The intervenor owns land immediately to the west of plaintiffs' property and is separated therefrom by a highway known as Wadsworth avenue. On the theory that plaintiffs were not limited to the remedy of certiorari directed to the proceedings before the commissioners, the trial court granted the motion to intervene. When the case came on for pre-trial conference the court concluded that the first issue to be determined was whether examination of the record before the commissioners disclosed an arbitrary and capricious exercise of authority. In the absence of such a showing the trial court concluded that it could not hear evidence in addition to that contained in the record of the hearing before the commissioners, even though the pleadings contained other issues drawn upon the questions involved in the declaratory judgment phase of the case.
Thereafter the case proceeded to trial. The record of the hearing was placed before the court. Plaintiffs asked to present additional evidence, which request was refused. Their attempted offer of proof was denied by the court which ruled that it would be of no avail; however the court permitted them to file a written offer of proof in order that the contents thereof might appear in the record. Judgment was entered affirming the action of the commissioners. Thereafter plaintiffs filed their offer of proof. They should have been permitted to establish by evidence the matters contained therein, and they were entitled to a determination by the trial court on the question of whether their constitutional rights were violated by the zoning regulations in question. No issues bearing on that question were determined in the hearing before the commissioners.
From 101 C.J.S. Zoning § 327, p. 1126, we quote the following statement of the general rule:"* * * A party attacking the action of a zoning board may join other appropriate claims for relief such as estoppel, or a claim that an ordinance in question is invalid, and the decisions of the board are reviewable, not only where there has been an erroneous interpretation of the law, but also when they impair personal or property rights protected by the constitution. * * *"

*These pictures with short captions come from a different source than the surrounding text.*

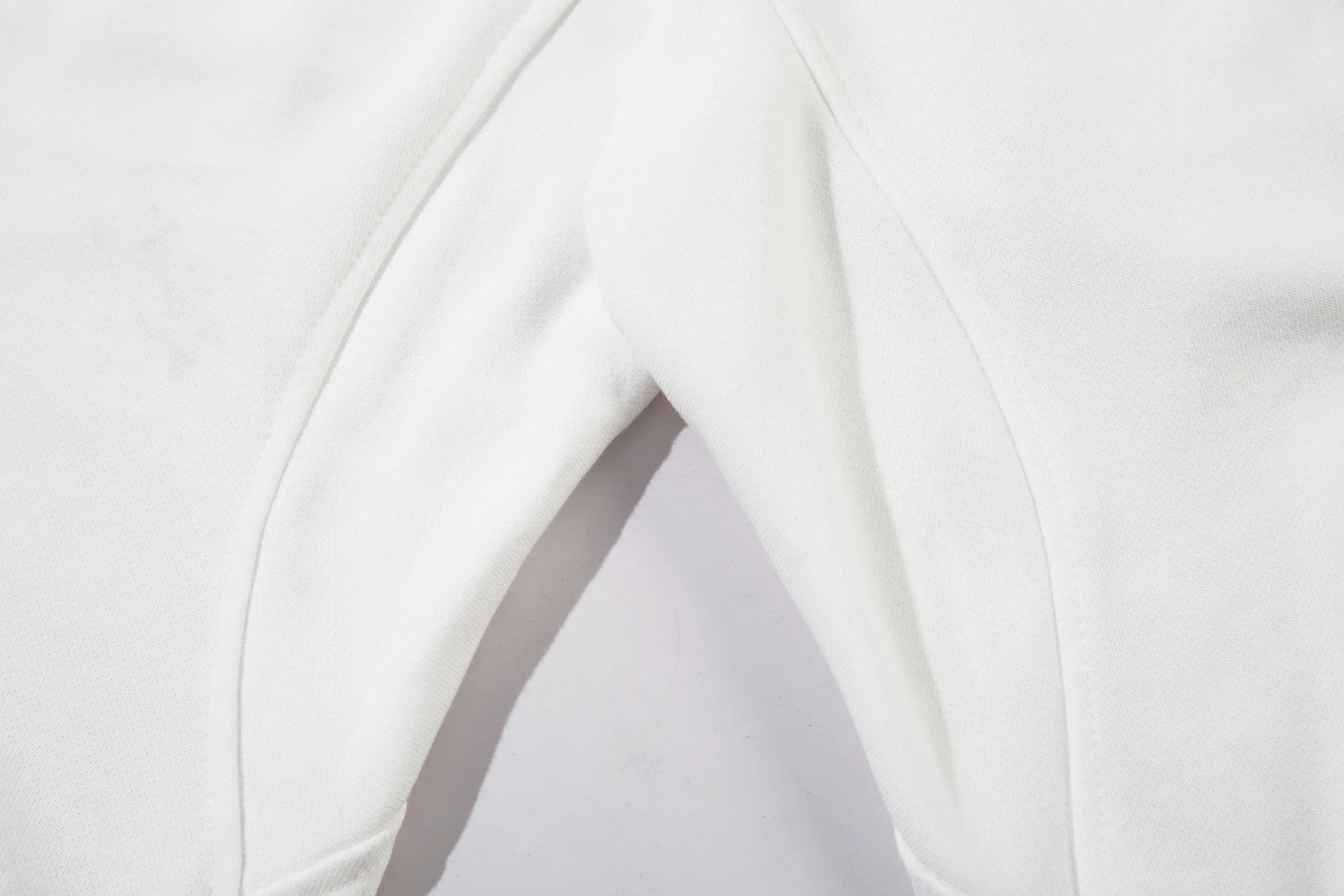 Stone Island Cargo Shorts Beige - 29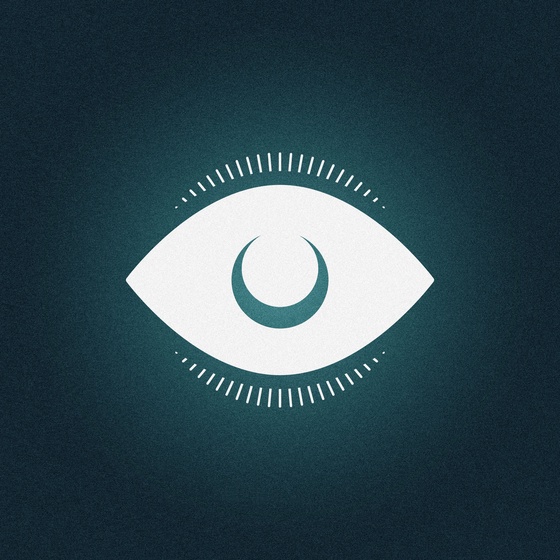 Delusion #5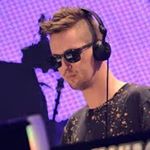 Profile Picture of robin_schulz_fanpage_xd (@robin_schulz_fanpage_xd) on Instagram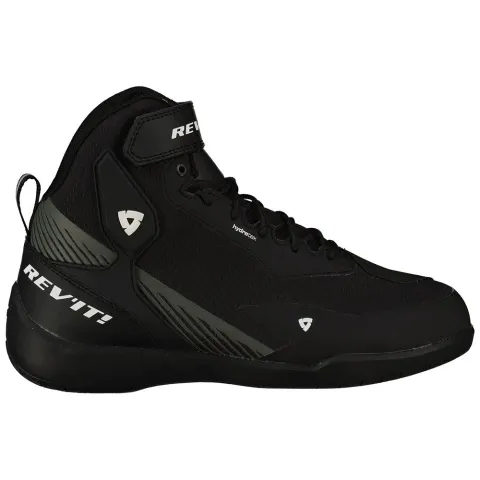 Rev'it Baskets G-Force 2 H2O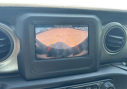 Thumbnail image of 2018 Jeep Wrangler Unlimited at Uftring Chrysler Jeep Dodge USED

From Heron v. Denver, 131 Colo. 501, 283 P.2d 647, we quote:"* * * Where administrative remedies are provided, this policy of orderly procedure should be followed, particularly when the matter of which complaint is made, or by which the party is aggrieved, is such as is within the province of the administrative authority to correct. Unless the administrative remedies are exhausted it never can be known but what a correction would ensue if the authorities were given full opportunity to pass upon the matter. Our Court has adhered rather strictly to the requirement of exhaustion of administrative remedies before the Court will take jurisdiction. * * *"
If resort to the administrative remedy is inadequate to provide suitable relief such remedy is not exclusive, and by exhausting the administrative remedy available to plaintiffs they were not precluded from presenting the issues pertinent to their prayer for declaratory judgment.
In Regennitter v. Fowler, 132 Colo. 489, 290 P.2d 223, we said, inter alia:
"* * * Accordingly, a review of the record made by the Board of Adjustment *440 would be wholly inadequate to provide a remedy for plaintiff * *. It follows that under the circumstances of this case, the remedy provided by Rule 106 is not exclusive. If the plaintiff elects so to do, the action should proceed upon the issues made by the pleadings as in other cases independent of Rule 106."
The judgment is reversed and the cause remanded with directions to hear and determine the issues of fact and law bearing on the claim for declaratory judgment.
DAY, C. J., and McWILLIAMS, J., concur.